The lyrics betray this song, forcing the ears to be solely reliant on the music. But, for a change, the music manages to fit the song’s story perfectly. The drums and guitar grow in anger as the good doctor himself does. The sporadic piano keys generate the uneasy, unstable atmosphere Marvel fans know from reading the green one’s books.
Inspired by “Over the Raging Sea We Go,” My Special Agent’s “Sea Chantey” is a novelty pirate cliche at best. Typical for its energetic, upbeat drinking tone and grunting vocals, each of the group’s members tosses their hats into the ring on this disappointing send off.

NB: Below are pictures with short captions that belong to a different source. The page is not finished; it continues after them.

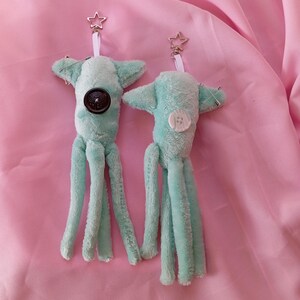 May include: Two plush, teal-colored octopus keychains with star-shaped clasps. Each keychain features a button on the body and three dangling tentacles. One has a dark button, the other a white button. The background is a pink fabric.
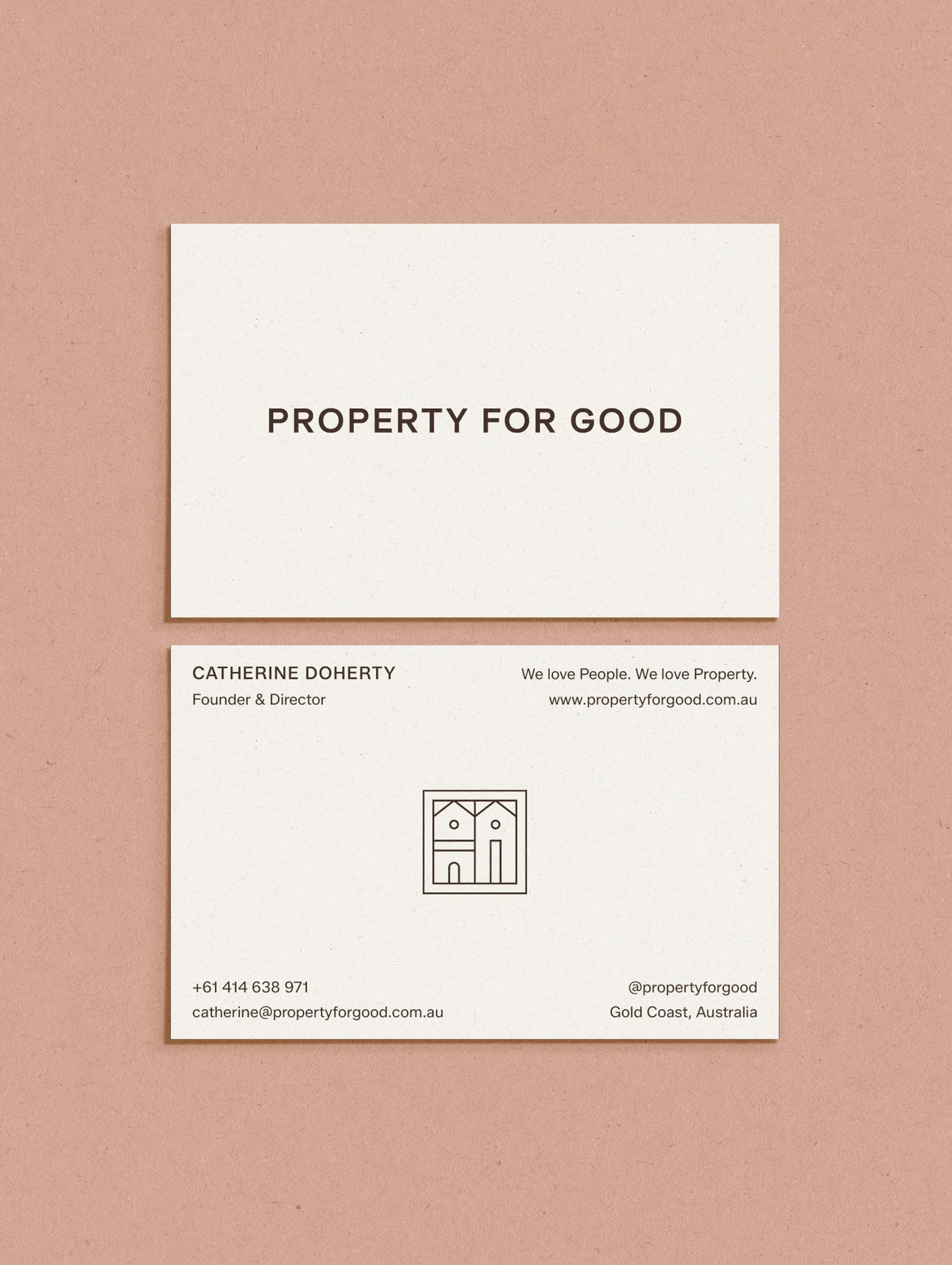 Business card with the text 'Property for Good' and contact information, including phone number, email, address in Gold Coast, Australia, placed on a pink surface.
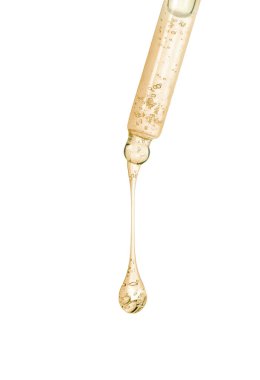 Beyaz arka planda pipetten süzülen kozmetik yağı, yakın plan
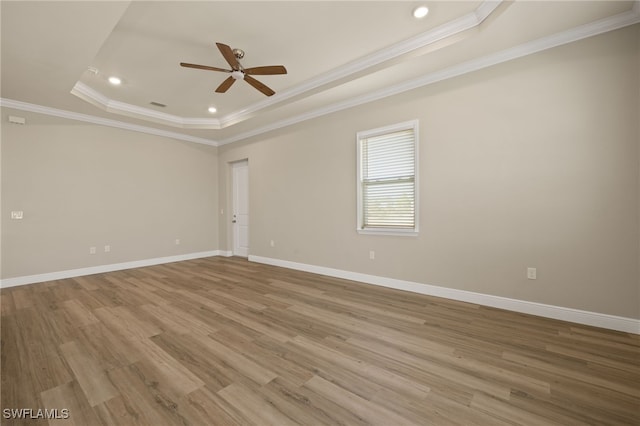 unfurnished room featuring light hardwood / wood-style floors, a raised ceiling, and crown molding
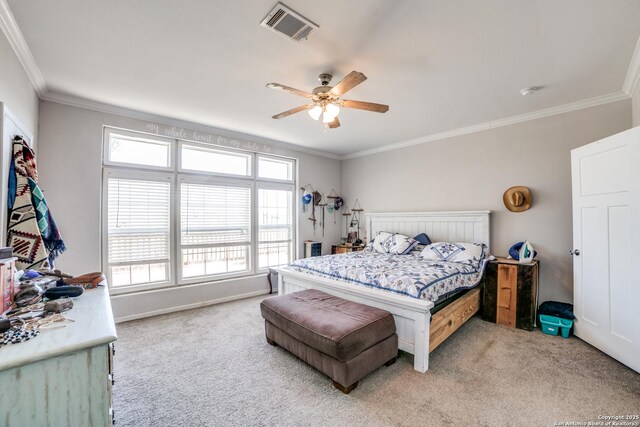 bedroom featuring visible vents, ornamental molding, a ceiling fan, baseboards, and light colored carpet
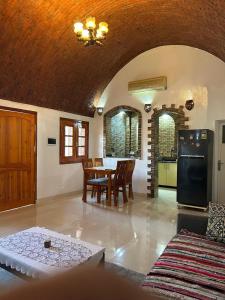 a kitchen and dining room with a table and chairs at The House Of Love in Luxor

Clocking in at just over 20 minutes, My Special Agent’s freshman outing offers a lot of potential for the future. All four of the group’s members are very talented and have a lot to offer fans of the genre, but heavy reliance on sci-fi ambience and loud noise dooms this album from its inception. The vocals on both spectrums are well-received, but often lost beneath the synthesizers, loud drums and heavy pop-culture winks.
If you’re looking for an album chock-full of sci-fi references and comic book nods simply to be in on the [not so subtle] jokes, have at it. But if you’re looking for a true testament to “geek rock,” I suggest classics like The Barenaked Ladies or Jimmy Eat World. Geeks deserve good music too, so don’t skimp on the sauce.